To support results of the previous studies, the low blood level of B vitamins group can be caused by the low food intake which occurs due to gastrointestinal disorders, such as vomiting and nausea, in migraine patients [16].
Hyperhomocysteinemia is caused by abnormal methionine biosynthesis due to deficiencies in folate, vitamin B12, and vitamin B6. Also, Menon et al. [31] showed that the supplementation of pyridoxine, folate and cobalamin could not be effective on the frequency of migraine attacks, while Lea et al. [12] reported that the intake of pyridoxine, folate and cobalamin led to low frequency of the migraine attacks.
To the best of our knowledge this is the first case control study about dietary intake of thiamine in migraine patients in Iranian people.

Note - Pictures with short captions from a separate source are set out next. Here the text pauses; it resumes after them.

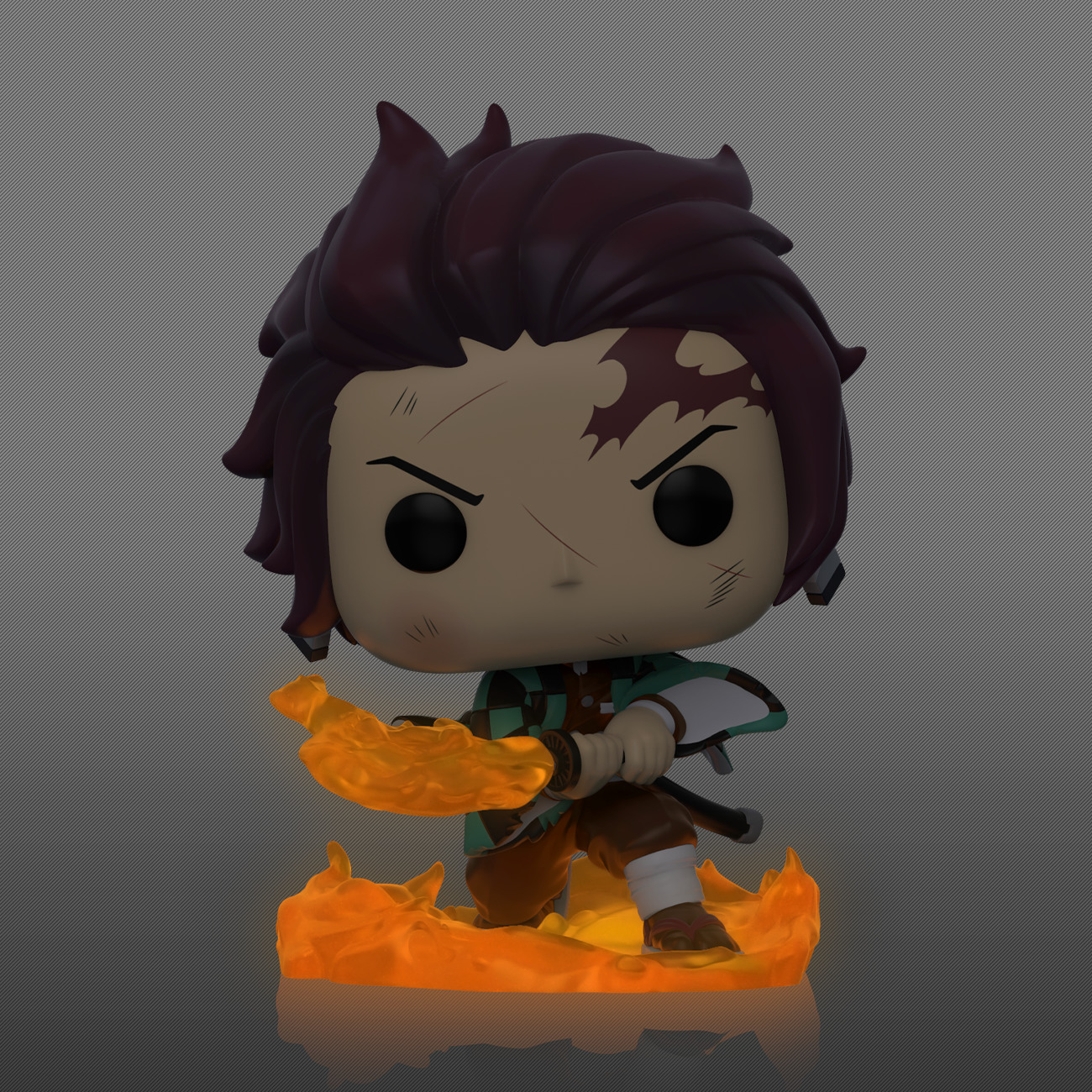 Demon Slayer: Tanjiro Kamado - Pop! Vinyl Figure image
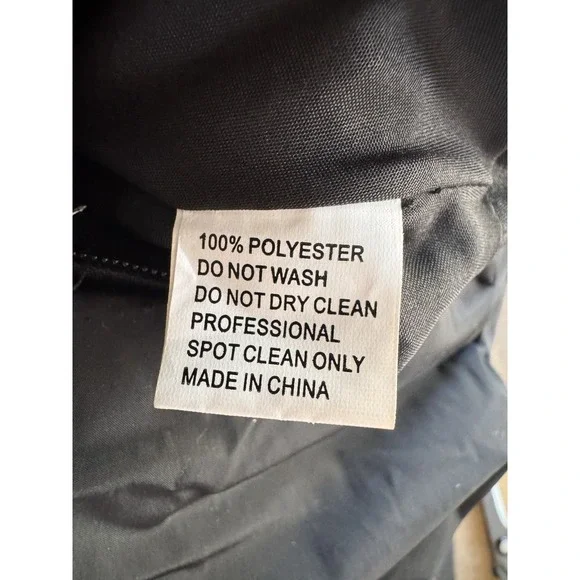 Mac Duggal Black Taffeta Bubble Hem Mini Dress Sz 6 Structured Rosette Shoulder - Picture 13 of 16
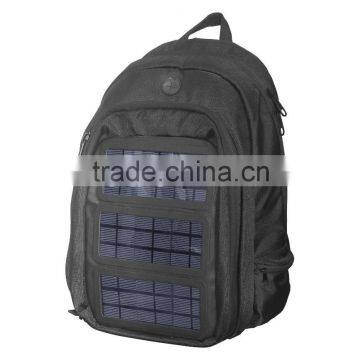 Convenient laptop solar bag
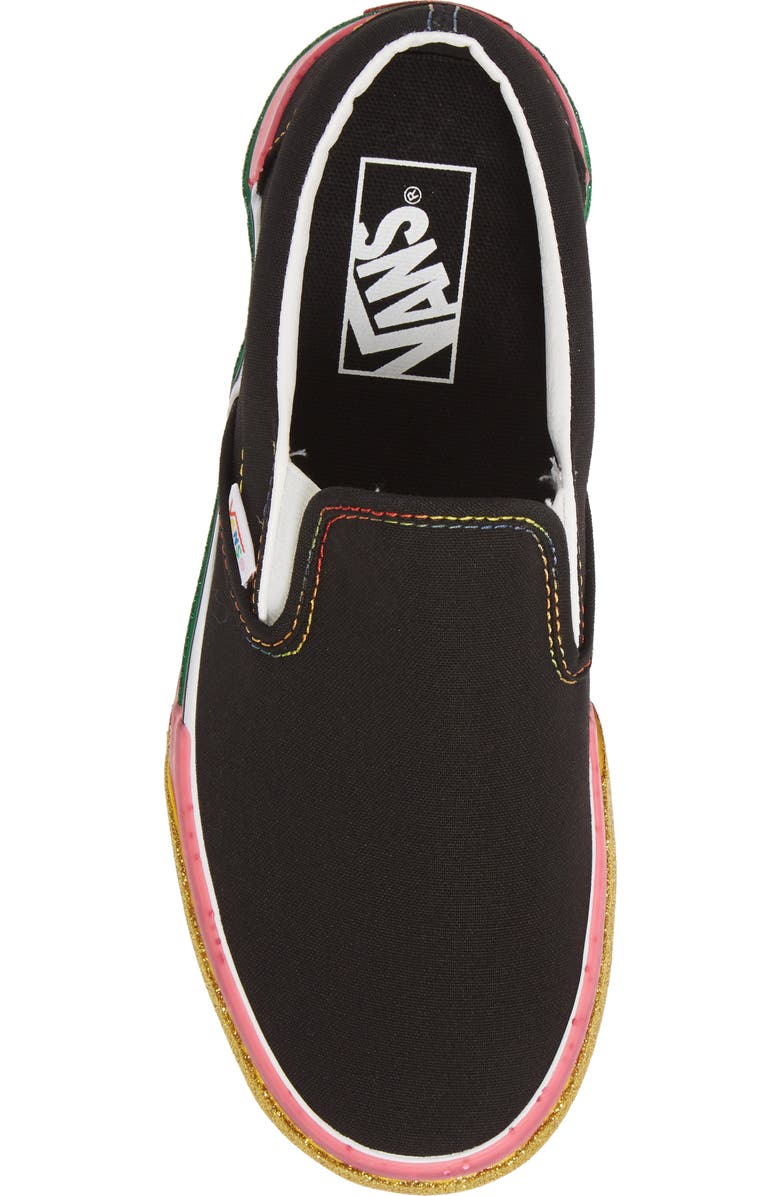 Vans Classic Slip-On Stacked Platform Sneaker, Alternate, color,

In addition, adjusting for the dietary intake of energy led to increasing reliability of results.
There are several limitations that should be taken into account, when interpreting our findings. First, the sample size was not particularly large, which may lead to insufficient power, to detect the thiamine-migraine association. Secondly, although thiamine intake was assessed by 168-item FFQ that was validated with the same population, recall bias cannot be excluded. Third, subjects were collected from a single hospital and the generalization of the findings is limited.
CONCLUSION
Our findings cannot suggest a significantly lower thiamine intake, among migraine patients, compared to the healthy people. The same conclusion was achieved, regarding patients with the high frequency of migraine attacks, compared to moderate group. Considering the safety, well-tolerated properties and cost-effectiveness of thiamine supplement, it is reasonable that more investigations should be conducted, before excluding thiamine supplementation as a potential efficient treatment for migraine. Randomized controlled trials are needed to prove this result.
ACKNOWLEDGEMENTS
The current article is part of the Master Thesis, registered at Isfahan University of Medical Sciences with the code of 395405. We would like to thank all participants for their cooperation.
Footnotes
Conflict of Interest: The authors declare that they have no competing interests.